Hi all,
While working on lowmemorykiller driver, I stumbled upon several places
where we traverse the tasklist in an unsafe manner, plus there are a
few cases of unsafe access to task->mm.
Note that some patches were not tested (e.g. sh, blackfin), so please
take a closer look if there's silly mistakes. Also special attention
needed for patch 7/8 (UML specific).
Oleg,
For sysrq case I kept the force_sig() usage, this is because in sysrq
case I belive we do want to kill PID namespace init processes.
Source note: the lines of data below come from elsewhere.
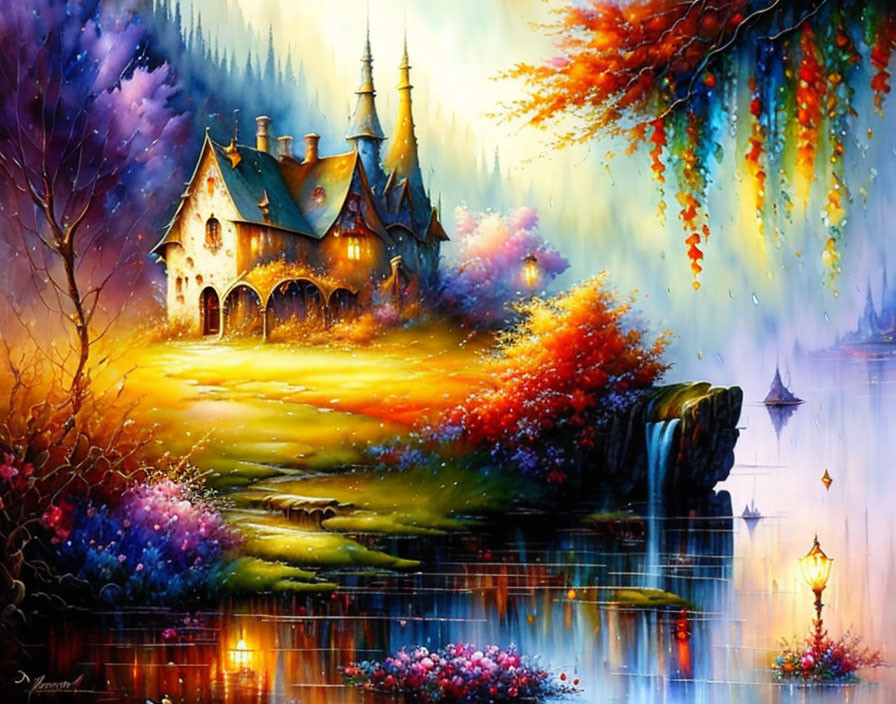 Fantasy landscape painting with whimsical cottage by waterfall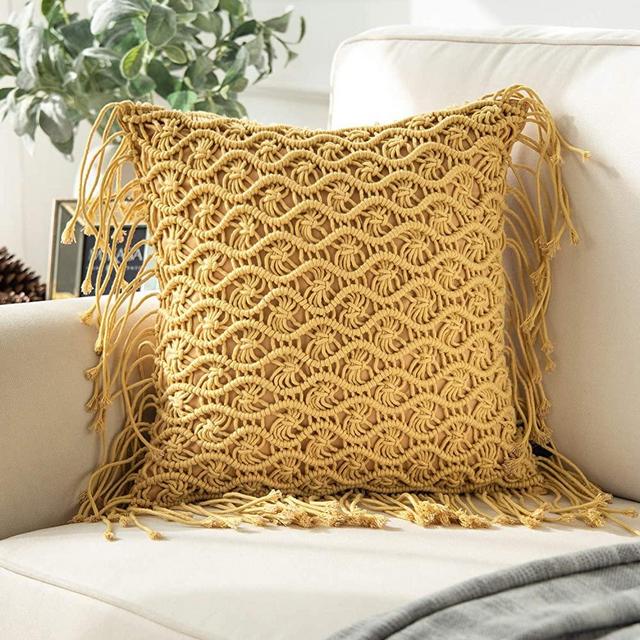 Phantoscope 100% Cotton Handmade Crochet Woven Boho Throw Pillows with Tassels Cute Farmhouse Pillows Insert Included Lumbar Small Decorative Cushion for Couch Sofa, Ginger,18 x 18 inches 45 x 45 cm
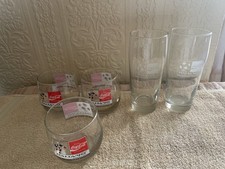 3 Coca Cola Tumblers And 2 Pint Glasses Italia 90 World Cup Vintage. Unused.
If using
force_sig() is still a bad idea, I guess we should fix it somehow
else.
Thanks.
--
Anton Vorontsov
Email: [email protected]
sysrq should grab the tasklist lock, otherwise calling force_sig() is
not safe, as it might race with exiting task, which ->sighand might be
set to NULL already.
Signed-off-by: Anton Vorontsov <[email protected]>
---
drivers/tty/sysrq.c | 2 ++
1 files changed, 2 insertions(+), 0 deletions(-)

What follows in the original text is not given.